__PROBLEM DESCRIPTION__: Begin the copy at the line containing "Mounting rails and" and end it at the final line of the material below, reproducing each line exactly, without images.

MATERIAL FOR THIS EXERCISE START

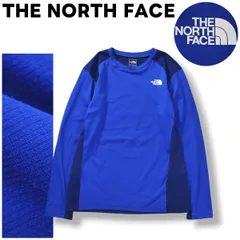 【ゴールドウィン製】 ノースフェイス THE NORTH FACE 長袖 Tシャツ ロンT ベースレイヤー クルーネック メッシュ 切替 吸汗速乾 裏起毛 ロゴ プリント L ブルー アウトドア ウェア タウンユース レジャー メンズ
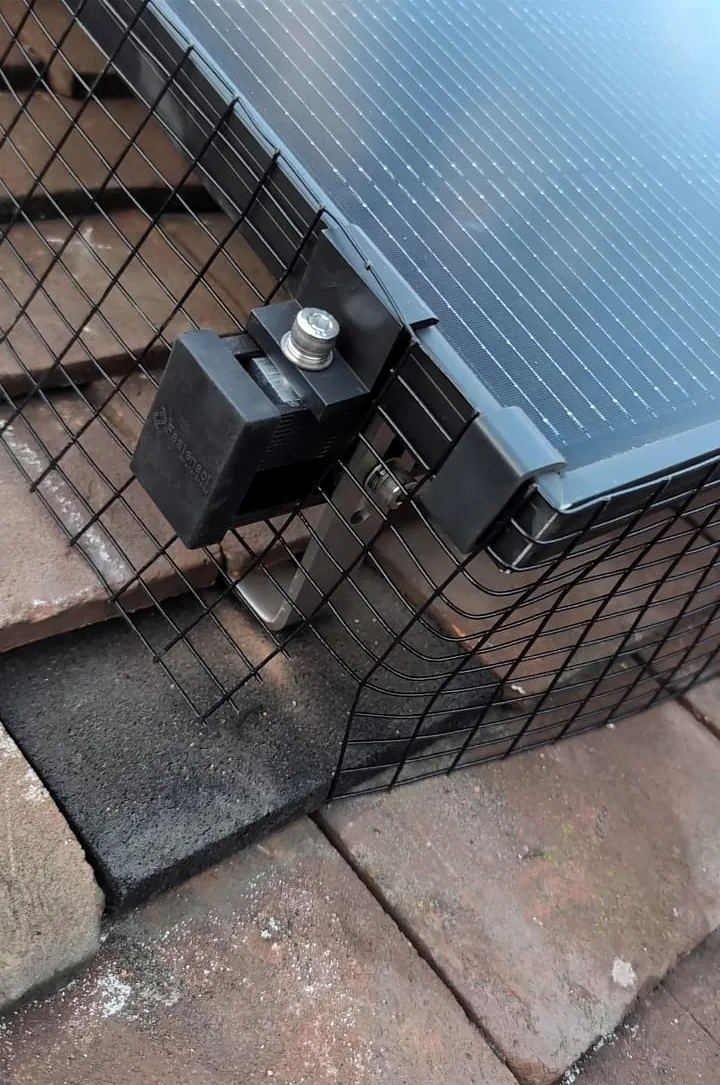 Mounting rails and pigeon exclusion mesh at Luton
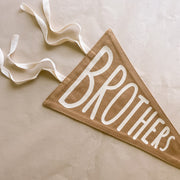 Brothers bedroom styling. Brothers bedroom wall decor. Brothers bedroom wall banner. Brothers wall banner. Brothers bedroom inspo. Brothers bedroom decor ideas. Shared boys bedroom decor. Brothers flag. Shared boys room inspo. Brothers pennant flag.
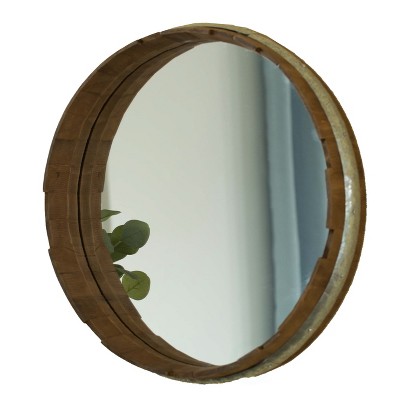 Vintiquewise Round Rustic Wood and Galvanized Metal Framed Wine Barrel Shaped Wall Mirror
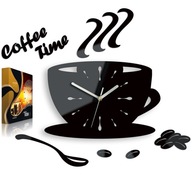 Kuchynské nástenné hodiny CUP Coffe Time BLACK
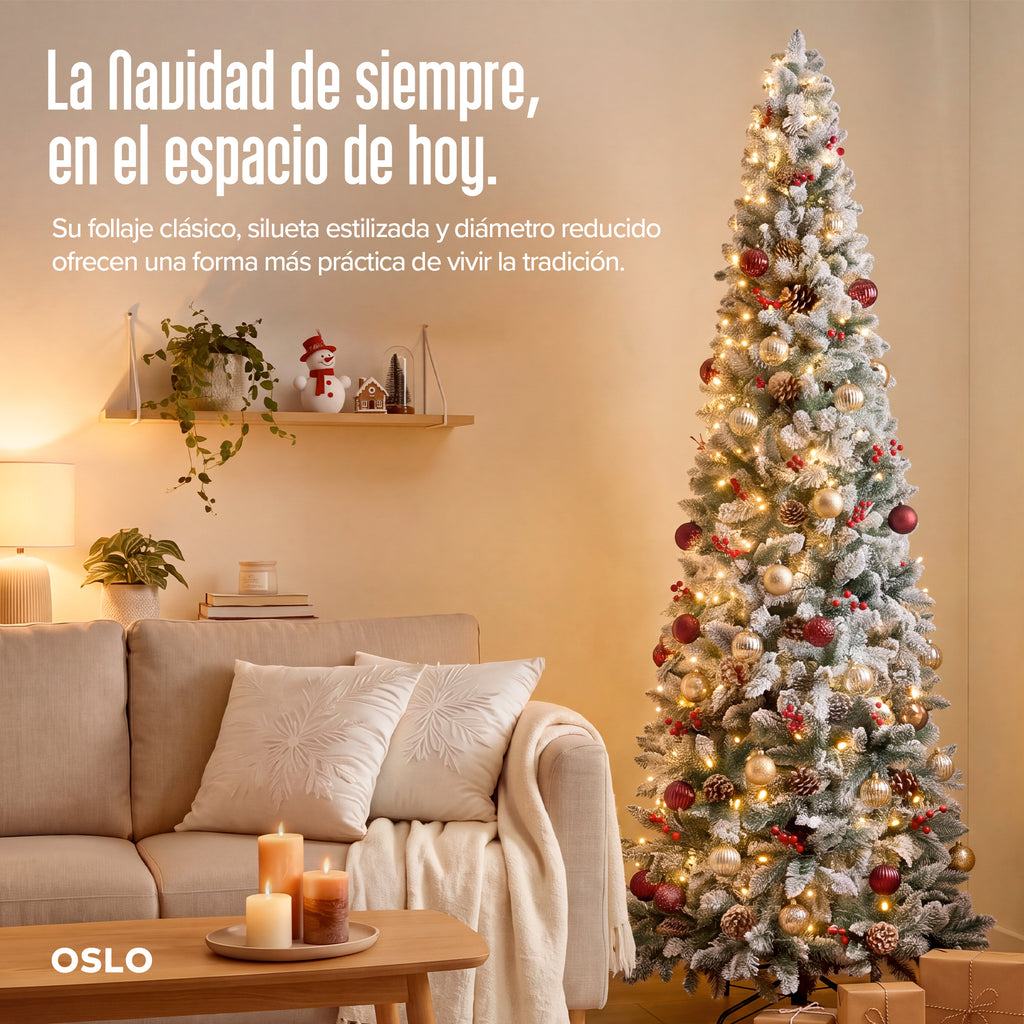Oslo Árbol de Navidad Tipo Lápiz Nevado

MATERIAL FOR THIS EXERCISE END

__EXERCISE SOLUTION__:
 Mounting rails and pigeon exclusion mesh at Luton
 Brothers bedroom styling. Brothers bedroom wall decor. Brothers bedroom wall banner. Brothers wall banner. Brothers bedroom inspo. Brothers bedroom decor ideas. Shared boys bedroom decor. Brothers flag. Shared boys room inspo. Brothers pennant flag.
 Vintiquewise Round Rustic Wood and Galvanized Metal Framed Wine Barrel Shaped Wall Mirror
 Kuchynské nástenné hodiny CUP Coffe Time BLACK
Oslo Árbol de Navidad Tipo Lápiz Nevado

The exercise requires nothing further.